Over the years while reading different books on discipline from experts on the subject, I have come to realize that they don't really understand the daily struggle that the parents have to go through with their children, and all the challenges that they have to face. And almost sounds like it's an imaginary world for them that basically say one word to the child and everything seems perfect and the child behaves immediately and it's so easy such an easy solution. Well, trust me, not in my experience, in my experience of raising five children of my own and working with a whole lot more, over the course of 20 or more years of my life, I came to understand that from time to time, even if you have set up your parenting goals, even if you have set of boundaries, even if you have clearly explained to the children, what are the consequences for crossing those boundaries, and what are the consequences for not obeying and abiding by the rules.

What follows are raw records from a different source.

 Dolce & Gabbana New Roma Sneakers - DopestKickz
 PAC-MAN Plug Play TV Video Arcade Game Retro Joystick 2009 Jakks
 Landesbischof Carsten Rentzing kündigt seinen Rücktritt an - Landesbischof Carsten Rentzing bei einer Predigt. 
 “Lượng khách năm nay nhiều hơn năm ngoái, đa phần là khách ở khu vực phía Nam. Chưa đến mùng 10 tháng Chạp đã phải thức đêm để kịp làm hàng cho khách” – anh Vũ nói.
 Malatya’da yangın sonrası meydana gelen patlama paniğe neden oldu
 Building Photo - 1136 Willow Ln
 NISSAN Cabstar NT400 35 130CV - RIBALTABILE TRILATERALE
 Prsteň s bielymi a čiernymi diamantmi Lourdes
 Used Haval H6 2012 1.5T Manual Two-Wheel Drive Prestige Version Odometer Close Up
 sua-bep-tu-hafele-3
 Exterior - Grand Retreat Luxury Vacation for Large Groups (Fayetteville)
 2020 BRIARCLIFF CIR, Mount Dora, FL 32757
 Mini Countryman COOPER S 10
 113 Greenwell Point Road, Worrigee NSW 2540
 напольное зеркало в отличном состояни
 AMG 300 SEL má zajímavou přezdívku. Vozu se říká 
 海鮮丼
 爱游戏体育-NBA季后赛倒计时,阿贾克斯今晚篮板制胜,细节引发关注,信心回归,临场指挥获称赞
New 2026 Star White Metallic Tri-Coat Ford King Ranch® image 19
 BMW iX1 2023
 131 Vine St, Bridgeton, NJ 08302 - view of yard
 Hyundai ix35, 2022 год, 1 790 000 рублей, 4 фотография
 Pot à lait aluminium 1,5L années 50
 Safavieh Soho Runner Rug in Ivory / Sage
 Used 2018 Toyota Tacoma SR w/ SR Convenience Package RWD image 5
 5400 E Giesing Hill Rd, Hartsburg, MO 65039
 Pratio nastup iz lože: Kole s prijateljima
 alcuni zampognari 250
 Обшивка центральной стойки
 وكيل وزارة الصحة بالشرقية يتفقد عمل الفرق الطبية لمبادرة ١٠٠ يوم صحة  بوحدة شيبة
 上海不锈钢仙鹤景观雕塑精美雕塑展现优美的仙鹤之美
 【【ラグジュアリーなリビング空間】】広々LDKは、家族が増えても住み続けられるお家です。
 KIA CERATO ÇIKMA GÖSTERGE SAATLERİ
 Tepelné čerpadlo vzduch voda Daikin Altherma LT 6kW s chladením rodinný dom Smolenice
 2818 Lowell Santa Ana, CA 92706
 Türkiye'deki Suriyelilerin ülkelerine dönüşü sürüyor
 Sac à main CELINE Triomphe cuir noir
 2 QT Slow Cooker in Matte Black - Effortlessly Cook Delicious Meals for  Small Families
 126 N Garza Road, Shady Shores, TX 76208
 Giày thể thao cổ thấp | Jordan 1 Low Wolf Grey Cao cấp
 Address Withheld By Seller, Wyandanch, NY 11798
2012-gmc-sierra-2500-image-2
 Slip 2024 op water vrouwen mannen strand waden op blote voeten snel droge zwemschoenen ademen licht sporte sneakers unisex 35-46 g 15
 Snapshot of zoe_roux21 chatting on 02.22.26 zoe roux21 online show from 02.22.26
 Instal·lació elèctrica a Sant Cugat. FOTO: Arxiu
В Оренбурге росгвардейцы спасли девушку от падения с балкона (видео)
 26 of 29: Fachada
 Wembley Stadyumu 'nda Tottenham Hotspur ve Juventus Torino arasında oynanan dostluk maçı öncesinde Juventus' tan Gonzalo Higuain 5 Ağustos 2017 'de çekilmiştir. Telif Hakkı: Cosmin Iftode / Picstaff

The children will from time to time, challenge your authority. They will from time to time misbehave just to see just to test you, if you're going to abide by those boundaries that you have set for them. They're not doing that because they mean or they're not, are they evil, they're doing that because they want to reassert the to make sure that you deserve the power that you have to lead and guide them into their lives in the future. For some children, it is more often than for others, but nevertheless, they all test their boundaries from time to time just to make sure that you're on the same page. If for example, one time you happen to slack off and don't uphold the rules and boundaries and consequences. The youngster will lose his or her respect for you.
The resentment will set in and they will not have as much respect for your authority as they had before. They will wonder what happened why Did you not enforce the boundaries? Did you stop loving them? What did they do wrong to not deserve your love anymore. Just keep in mind that the testing will come and that you have to stick by the rules and the boundaries you have set. Because that's the only way to keep making your children feel loved cared for and safe.
Children love boundaries. They love your leading and your instruction. You will just need to from time to time, show them that you do have the right that you have earned the right to continue enforcing the rules.